Since 1972, votes and issues that were controversial could not be made on a majority basis in Northern Ireland. Yet here is one of the most controversial votes that the Northern Ireland Assembly will be involved in, and the Government, at the behest or demand of the Irish Republic and the EU, set aside the requirement for cross-community support in that vote. So the Minister is today proposing a motion that affirms
“the importance of upholding the Belfast…Agreement”,
knowing full well that he has agreed to and defended, and will continue to put in place, arrangements that undermine the very principle of consent for a most controversial issue, on which a vote will take place at the end of this year. So when we address His Majesty and say that we are affirming the Belfast agreement, we have to look at the way we have dispensed with its central provision in the past and the way we are going to remove the ability to use the consent principle in the future on one of the most controversial issues.
Secondly, the Humble Address acknowledges
“the foundational importance of the Acts of Union”.
I find it strange that it acknowledges not just the Acts of Union but their “foundational importance”, because in the court case taken against the Northern Ireland protocol, the Government’s lawyers said that when the House voted for the withdrawal agreement, we had implied the disapplication of article VI of the Act of Union.

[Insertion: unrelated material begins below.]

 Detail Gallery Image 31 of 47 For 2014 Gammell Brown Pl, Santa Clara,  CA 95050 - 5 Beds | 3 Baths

The courts ruled that article VI, which contains the foundational economic rights, had been suspended, and they have not been unsuspended. Why were they suspended? It was because, as a result of the EU being given the say to make laws in respect of Northern Ireland, there had to be some impediments to trade between GB and Northern Ireland.
The shadow spokesman talked about how even under the Act of Union there were impediments to trade, and he is right. However, there is one fundamental difference: those impediments were put in place and were decided upon by Administrations within the UK, because they saw that an advantage was created. The difference now is that the Act of Union and its foundational economic rights have been suspended because the EU demands that that is the case. Now, as Northern Ireland is part of the single market, the EU requires certain restrictions and checks to be put in place. A further irony is that those restrictions in place, even with the new arrangements, are far more intrusive and far more difficult hurdles to overcome when it comes to trade between GB and Northern Ireland than they would be for trade between France and GB or Germany and GB. That is what has put so many people off trading with Northern Ireland. The Government are now going to say to them all that they should come back to the Northern Ireland market—the shadow spokesman talked about the way in which trade had been diverted—but that is a conscious decision that firms have made because of the difficulties in bringing goods into Northern Ireland from GB.